In the scene where Marty is having a hallucination in the bathroom, it is Steven Spielberg’s hands that peel the skin off of his face.
Spielberg simultaneously worked on Poltergeist and E.T.: The Extra Terrestrial. They were released on June 4th and 11th, 1982 respectively.
To make the ghosts seem more eerie, the actors walked slowly up the stairs backwards and the film was played in reverse.
Towards the end of the film, Diane Freeling says, “Mmmm… smell that mimosa.” That line was borrowed from The Uninvited (1944).
In the pool scene, the skeletons that emerge from the muddy water are real. JoBeth Williams was unaware of this until the scene had already been filmed.

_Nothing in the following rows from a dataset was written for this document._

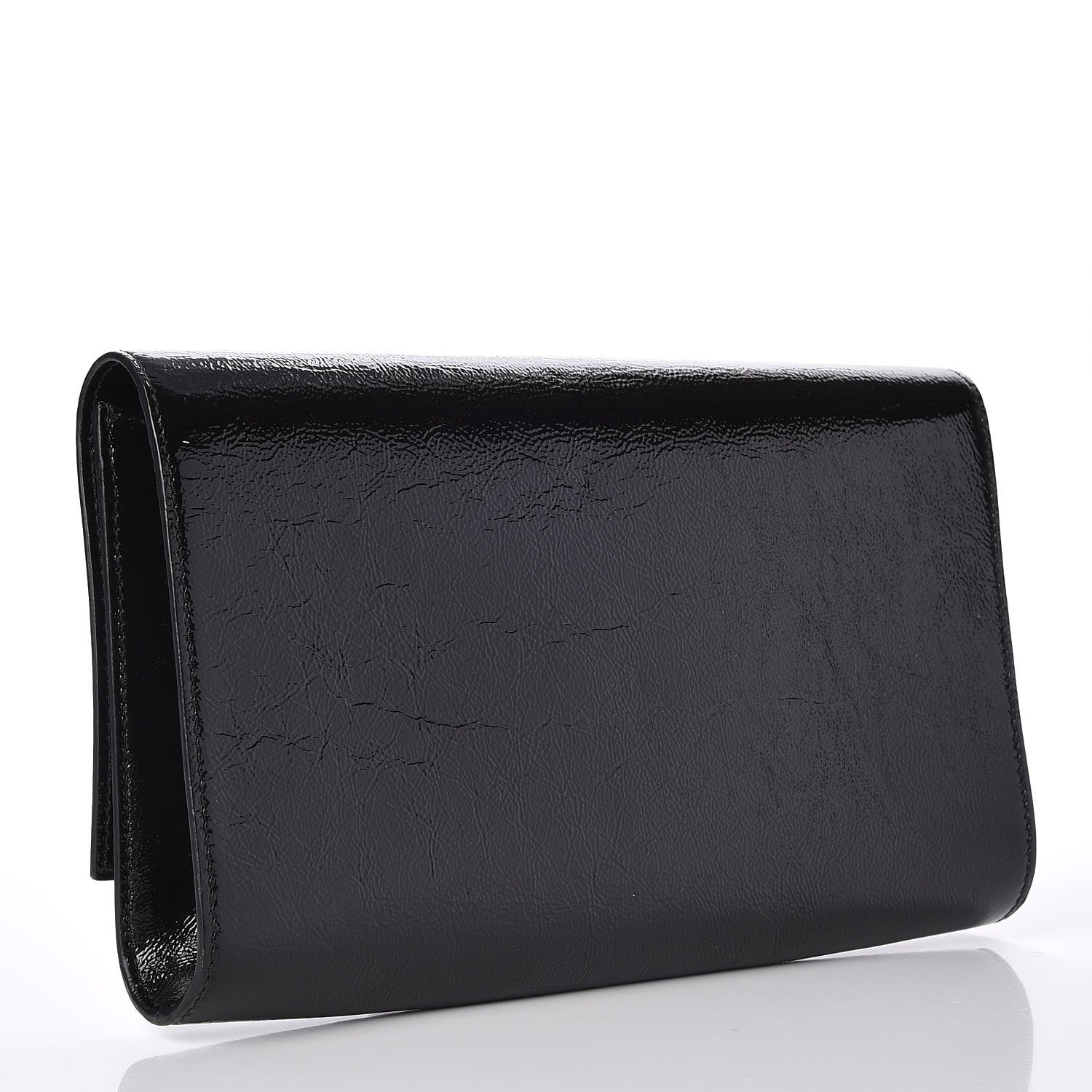 Saint Laurent Textured Patent Monogram Large Belle De Jour Clutch Black 3 of 7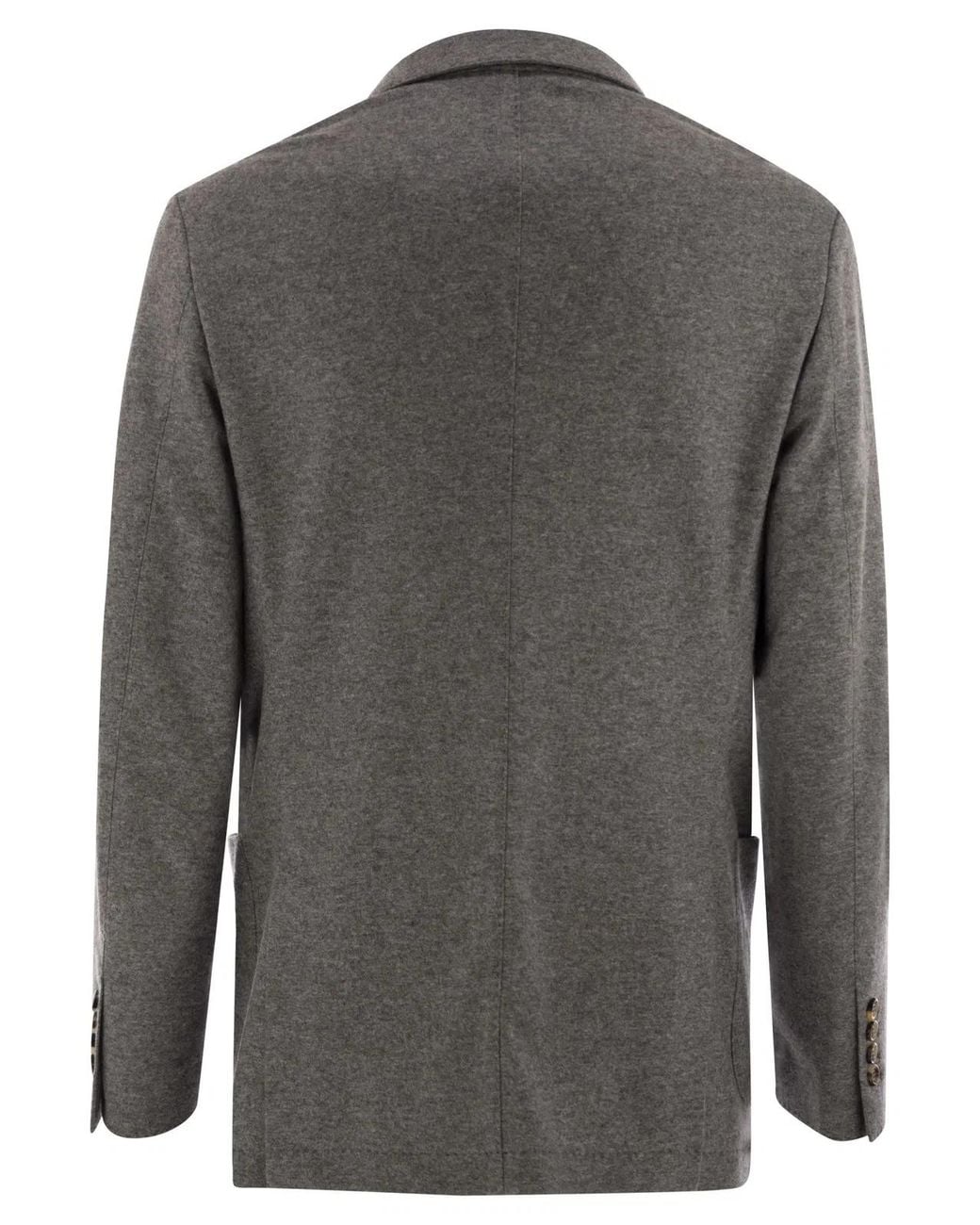 Brunello Cucinelli Gray Cashmere Jersey Blazer With Patch Pockets for men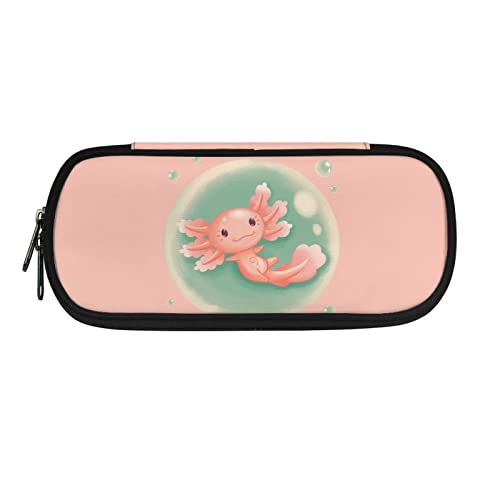 SJOAOAA Wolf-Federmäppchen für Mädchen und Jungen, Stift-Hodler-Tasche, Box für Grundschule, Jungen, groß, Rosa Axolotl, Einheitsgröße, Taschen-Organizer von SJOAOAA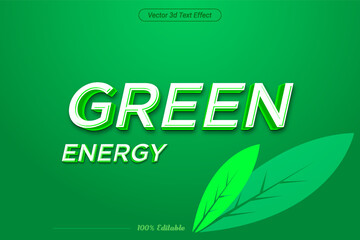green energy 3d editable text effect style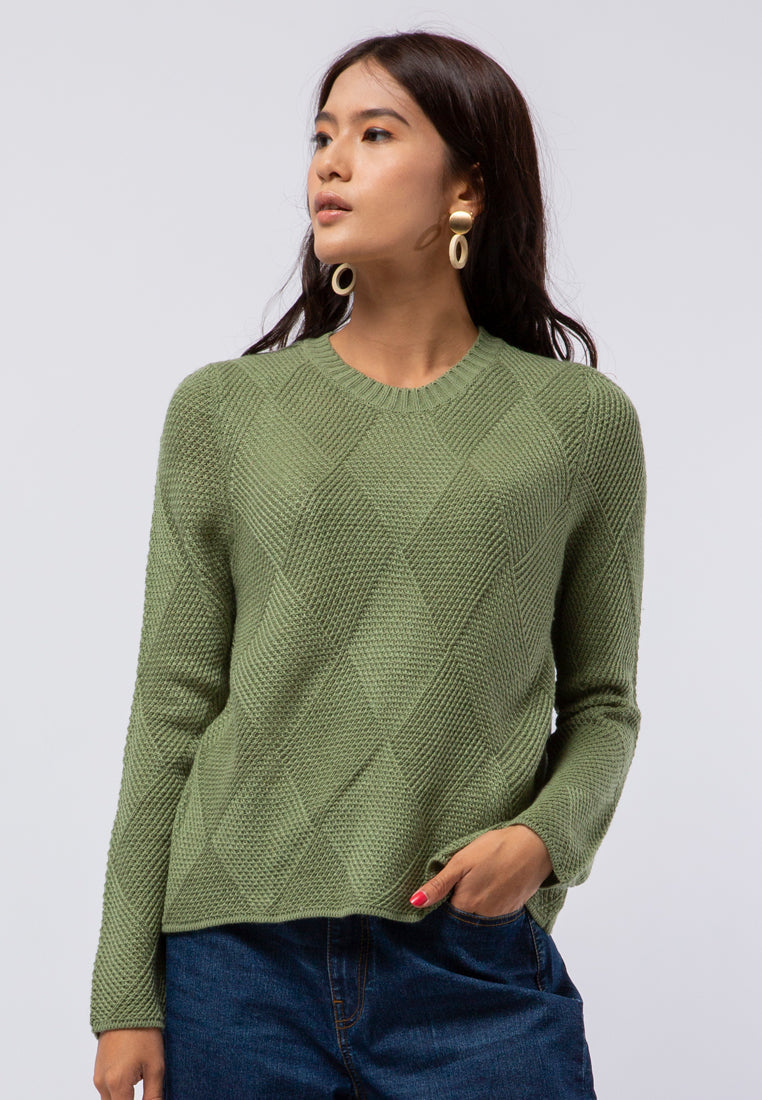 Loose Sweater with Weave Texture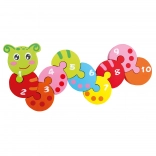 Drewniana układanka z numerami Gąsienica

To make the chair zip across the kitchen, a wire was attached to the leg of the chair and then dragged.
Dominique Dunn, the actress who portrayed the teenage daughter, was strangled by her boyfriend the same year that Poltergeist was released, 1982.
Heather O’Rourke, the adorable girl who played Carol Anne, died in 1988 at the age of 12 of congenital intestinal stenosis. She was on a break from filming Poltergeist III at the time and a replacement was used in parts of the film.
Ironically, Dominique Dunn and her on-screen sister, Heather O’Rourke are buried in the same cemetery.
During the filming of the scene in which Robbie was being strangled by the clown, the young boy was really unable to breathe. Spielberg and Hooper thought that the boy was improvising when he cried that he could not breathe. His face became cyanotic and Spielberg rushed over to remove him from the clown’s clutches.
The rating of the film was changed from R to PG at the request of the makers of the film.
Unlike other films in the horror genre, there were no deaths or murders shown in the movie.
The filmmakers managed to shoot the scene of the chairs arranging themselves on the kitchen table in one take.
In both E.T.: The Extra Terrestrial and Poltergeist, Spielberg featured Star Wars paraphernalia in the children’s rooms as a tribute to his friend, George Lucas.
The movie was filmed in a house in Simi Valley, California. The family who owned the house during the production of the movie, still lives there to this day.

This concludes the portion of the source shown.